Local minimum: (\frac{3}{8}, -\frac{3}{8})

Local maxima: (0,-\frac{9}{8}), (\frac{9}{8},0)

Step-by-step explanation:

The function is:

f(x,y) = 8\cdot y^{2}\cdot x -8\cdot y\cdot x^{2} + 9\cdot x \cdot y

The partial derivatives of the function are included below:

\frac{\partial f}{\partial x} = 8\cdot y^{2}-16\cdot y\cdot x+9\cdot y

\frac{\partial f}{\partial x} = y \cdot (8\cdot y -16\cdot x + 9)

\frac{\partial f}{\partial y} = 16\cdot y \cdot x - 8 \cdot x^{2} + 9\cdot x

\frac{\partial f}{\partial y} = x \cdot (16\cdot y - 8\cdot x + 9)

Local minima, local maxima and saddle points are determined by equalizing  both partial derivatives to zero.

y \cdot (8\cdot y -16\cdot x + 9) = 0

x \cdot (16\cdot y - 8\cdot x + 9) = 0

It is quite evident that one point is (0,0). Another point is found by solving the following system of linear equations:

\left \{ {{-16\cdot x + 8\cdot y=-9} \atop {-8\cdot x + 16\cdot y=-9}} \right.

The solution of the system is (3/8, -3/8).
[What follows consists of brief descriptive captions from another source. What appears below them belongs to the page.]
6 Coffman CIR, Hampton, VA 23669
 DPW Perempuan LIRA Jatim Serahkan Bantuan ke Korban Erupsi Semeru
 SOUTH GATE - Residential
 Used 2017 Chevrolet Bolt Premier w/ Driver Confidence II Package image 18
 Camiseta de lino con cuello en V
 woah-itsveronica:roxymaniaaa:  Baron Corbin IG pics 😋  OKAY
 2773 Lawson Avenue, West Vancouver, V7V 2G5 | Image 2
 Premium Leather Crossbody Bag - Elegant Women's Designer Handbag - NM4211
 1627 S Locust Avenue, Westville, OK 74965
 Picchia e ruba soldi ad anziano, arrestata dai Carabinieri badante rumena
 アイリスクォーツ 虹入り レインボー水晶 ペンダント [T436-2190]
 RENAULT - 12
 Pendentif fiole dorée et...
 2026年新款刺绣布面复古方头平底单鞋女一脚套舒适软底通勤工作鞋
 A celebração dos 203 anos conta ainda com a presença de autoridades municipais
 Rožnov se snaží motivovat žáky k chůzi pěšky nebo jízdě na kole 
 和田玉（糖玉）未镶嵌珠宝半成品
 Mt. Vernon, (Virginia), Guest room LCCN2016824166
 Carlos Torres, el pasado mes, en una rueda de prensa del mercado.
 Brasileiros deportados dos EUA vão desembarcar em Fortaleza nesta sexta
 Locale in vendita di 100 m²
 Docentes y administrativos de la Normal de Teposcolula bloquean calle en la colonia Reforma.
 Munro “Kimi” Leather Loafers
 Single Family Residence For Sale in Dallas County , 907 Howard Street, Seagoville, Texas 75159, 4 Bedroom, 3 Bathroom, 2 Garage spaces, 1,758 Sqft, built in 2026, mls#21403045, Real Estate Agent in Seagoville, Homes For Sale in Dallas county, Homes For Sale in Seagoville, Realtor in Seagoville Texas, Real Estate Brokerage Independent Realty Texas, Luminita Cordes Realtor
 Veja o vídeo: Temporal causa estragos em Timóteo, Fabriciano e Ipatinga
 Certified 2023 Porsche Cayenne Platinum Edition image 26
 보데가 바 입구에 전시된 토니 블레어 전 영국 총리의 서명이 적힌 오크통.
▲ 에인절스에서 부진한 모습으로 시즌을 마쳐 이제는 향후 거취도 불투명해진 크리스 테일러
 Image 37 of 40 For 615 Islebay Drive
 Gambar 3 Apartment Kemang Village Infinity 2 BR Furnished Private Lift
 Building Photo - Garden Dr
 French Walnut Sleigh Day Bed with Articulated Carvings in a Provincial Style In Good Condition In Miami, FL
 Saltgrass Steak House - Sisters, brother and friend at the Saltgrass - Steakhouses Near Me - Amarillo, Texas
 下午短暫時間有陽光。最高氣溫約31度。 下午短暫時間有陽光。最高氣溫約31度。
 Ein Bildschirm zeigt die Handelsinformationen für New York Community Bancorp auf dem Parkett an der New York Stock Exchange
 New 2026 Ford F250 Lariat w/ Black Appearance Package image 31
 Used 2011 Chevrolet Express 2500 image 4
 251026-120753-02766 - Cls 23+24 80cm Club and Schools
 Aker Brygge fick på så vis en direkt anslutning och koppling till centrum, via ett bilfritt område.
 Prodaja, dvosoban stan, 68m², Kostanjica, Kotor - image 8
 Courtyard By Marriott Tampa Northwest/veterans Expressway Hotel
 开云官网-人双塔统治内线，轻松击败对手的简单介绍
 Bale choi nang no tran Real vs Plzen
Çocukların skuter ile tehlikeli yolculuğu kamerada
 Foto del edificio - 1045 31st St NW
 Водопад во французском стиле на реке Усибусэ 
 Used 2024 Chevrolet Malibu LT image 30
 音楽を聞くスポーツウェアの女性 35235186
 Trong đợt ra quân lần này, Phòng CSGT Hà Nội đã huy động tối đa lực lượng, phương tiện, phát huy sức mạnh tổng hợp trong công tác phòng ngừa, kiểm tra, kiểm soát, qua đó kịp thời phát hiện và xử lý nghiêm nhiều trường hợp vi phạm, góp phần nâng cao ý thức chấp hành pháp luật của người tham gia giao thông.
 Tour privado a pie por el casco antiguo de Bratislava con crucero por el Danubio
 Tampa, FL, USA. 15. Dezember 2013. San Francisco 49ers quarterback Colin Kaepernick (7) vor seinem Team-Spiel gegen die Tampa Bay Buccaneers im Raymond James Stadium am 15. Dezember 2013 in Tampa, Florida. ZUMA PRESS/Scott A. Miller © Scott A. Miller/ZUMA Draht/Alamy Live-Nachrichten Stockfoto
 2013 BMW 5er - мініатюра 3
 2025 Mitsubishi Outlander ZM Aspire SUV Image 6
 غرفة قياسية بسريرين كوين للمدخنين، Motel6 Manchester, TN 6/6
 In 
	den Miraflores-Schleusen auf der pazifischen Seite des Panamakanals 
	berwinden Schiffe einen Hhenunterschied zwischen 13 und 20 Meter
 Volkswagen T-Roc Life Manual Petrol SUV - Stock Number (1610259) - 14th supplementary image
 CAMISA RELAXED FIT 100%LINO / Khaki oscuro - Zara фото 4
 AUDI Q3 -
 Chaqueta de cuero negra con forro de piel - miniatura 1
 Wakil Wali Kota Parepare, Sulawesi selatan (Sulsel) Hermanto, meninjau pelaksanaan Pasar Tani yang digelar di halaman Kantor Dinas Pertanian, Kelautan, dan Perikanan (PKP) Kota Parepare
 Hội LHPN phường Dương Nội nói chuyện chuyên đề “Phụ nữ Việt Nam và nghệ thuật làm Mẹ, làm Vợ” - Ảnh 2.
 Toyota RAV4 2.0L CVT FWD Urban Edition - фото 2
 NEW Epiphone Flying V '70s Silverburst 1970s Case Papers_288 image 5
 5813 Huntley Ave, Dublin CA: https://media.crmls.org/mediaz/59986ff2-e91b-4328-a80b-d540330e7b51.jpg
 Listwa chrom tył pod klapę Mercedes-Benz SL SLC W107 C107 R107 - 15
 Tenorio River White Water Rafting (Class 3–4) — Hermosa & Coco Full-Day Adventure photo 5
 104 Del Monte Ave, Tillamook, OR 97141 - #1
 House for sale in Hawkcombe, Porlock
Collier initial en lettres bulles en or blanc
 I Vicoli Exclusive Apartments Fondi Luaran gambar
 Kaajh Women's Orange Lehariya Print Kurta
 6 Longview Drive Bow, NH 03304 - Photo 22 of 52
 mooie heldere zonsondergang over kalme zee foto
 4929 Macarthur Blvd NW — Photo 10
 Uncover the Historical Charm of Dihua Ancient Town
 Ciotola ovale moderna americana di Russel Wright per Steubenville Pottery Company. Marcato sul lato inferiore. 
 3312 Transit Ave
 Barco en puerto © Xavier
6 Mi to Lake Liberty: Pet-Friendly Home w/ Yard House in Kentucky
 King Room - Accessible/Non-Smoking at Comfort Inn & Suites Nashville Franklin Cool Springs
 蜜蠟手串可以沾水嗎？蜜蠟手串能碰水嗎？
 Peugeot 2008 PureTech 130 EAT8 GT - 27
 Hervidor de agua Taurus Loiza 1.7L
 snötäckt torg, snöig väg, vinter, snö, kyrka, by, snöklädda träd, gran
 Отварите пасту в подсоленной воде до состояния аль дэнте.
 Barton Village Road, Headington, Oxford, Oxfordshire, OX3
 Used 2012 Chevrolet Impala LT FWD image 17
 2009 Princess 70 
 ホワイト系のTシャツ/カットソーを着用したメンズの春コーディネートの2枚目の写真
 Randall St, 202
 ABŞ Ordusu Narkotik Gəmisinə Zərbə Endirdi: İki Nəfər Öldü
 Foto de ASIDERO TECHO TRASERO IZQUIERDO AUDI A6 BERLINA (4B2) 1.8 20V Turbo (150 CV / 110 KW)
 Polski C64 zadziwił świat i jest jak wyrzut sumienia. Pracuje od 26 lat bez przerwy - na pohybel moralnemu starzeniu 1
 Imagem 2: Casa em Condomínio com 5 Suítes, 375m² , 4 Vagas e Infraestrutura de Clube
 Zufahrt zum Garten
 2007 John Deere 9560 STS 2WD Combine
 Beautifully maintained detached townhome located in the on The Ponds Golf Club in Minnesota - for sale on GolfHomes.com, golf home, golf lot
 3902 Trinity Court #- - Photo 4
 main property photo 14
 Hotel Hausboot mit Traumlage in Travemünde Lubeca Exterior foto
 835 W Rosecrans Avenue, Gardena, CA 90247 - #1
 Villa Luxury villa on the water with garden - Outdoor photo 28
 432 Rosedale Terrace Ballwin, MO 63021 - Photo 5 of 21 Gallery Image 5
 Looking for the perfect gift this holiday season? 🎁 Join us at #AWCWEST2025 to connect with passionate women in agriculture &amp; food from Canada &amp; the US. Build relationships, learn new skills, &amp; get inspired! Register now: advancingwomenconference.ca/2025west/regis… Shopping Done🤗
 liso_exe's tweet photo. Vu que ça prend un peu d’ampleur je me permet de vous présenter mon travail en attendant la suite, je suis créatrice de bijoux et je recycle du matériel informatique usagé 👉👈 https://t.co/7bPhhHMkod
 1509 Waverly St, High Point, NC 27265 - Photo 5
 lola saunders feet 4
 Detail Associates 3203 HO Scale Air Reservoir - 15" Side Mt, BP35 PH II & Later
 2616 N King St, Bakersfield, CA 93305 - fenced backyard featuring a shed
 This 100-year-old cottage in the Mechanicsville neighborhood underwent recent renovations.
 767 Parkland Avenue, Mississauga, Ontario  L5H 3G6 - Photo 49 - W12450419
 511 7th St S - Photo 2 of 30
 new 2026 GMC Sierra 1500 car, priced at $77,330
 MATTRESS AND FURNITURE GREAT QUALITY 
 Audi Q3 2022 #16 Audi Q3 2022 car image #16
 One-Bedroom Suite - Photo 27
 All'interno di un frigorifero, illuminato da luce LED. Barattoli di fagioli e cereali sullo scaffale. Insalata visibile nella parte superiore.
Let assume that y = 0, the nonlinear system is reduced to a sole expression:

x\cdot (-8\cdot x + 9) = 0

Another solution is (9/8,0).

Now, let consider that x = 0, the nonlinear system is now reduced to this:

y\cdot (8\cdot y+9) = 0

Another solution is (0, -9/8).

The next step is to determine whether point is a local maximum, a local minimum or a saddle point. The second derivative test:

H = \frac{\partial^{2} f}{\partial x^{2}} \cdot \frac{\partial^{2} f}{\partial y^{2}} - \frac{\partial^{2} f}{\partial x \partial y}

The second derivatives of the function are:

\frac{\partial^{2} f}{\partial x^{2}} = 0

\frac{\partial^{2} f}{\partial y^{2}} = 0

\frac{\partial^{2} f}{\partial x \partial y} = 16\cdot y -16\cdot x + 9

Then, the expression is simplified to this and each point is tested:

H = -16\cdot y +16\cdot x -9

S1: (0,0)

H = -9 (Saddle Point)

S2: (3/8,-3/8)

H = 3 (Local maximum or minimum)

S3: (9/8, 0)

H = 9 (Local maximum or minimum)

S4: (0, - 9/8)

H = 9 (Local maximum or minimum)

Unfortunately, the second derivative test associated with the function does offer an effective method to distinguish between local maximum and local minimums. A more direct approach is used to make a fair classification:

S2: (3/8,-3/8)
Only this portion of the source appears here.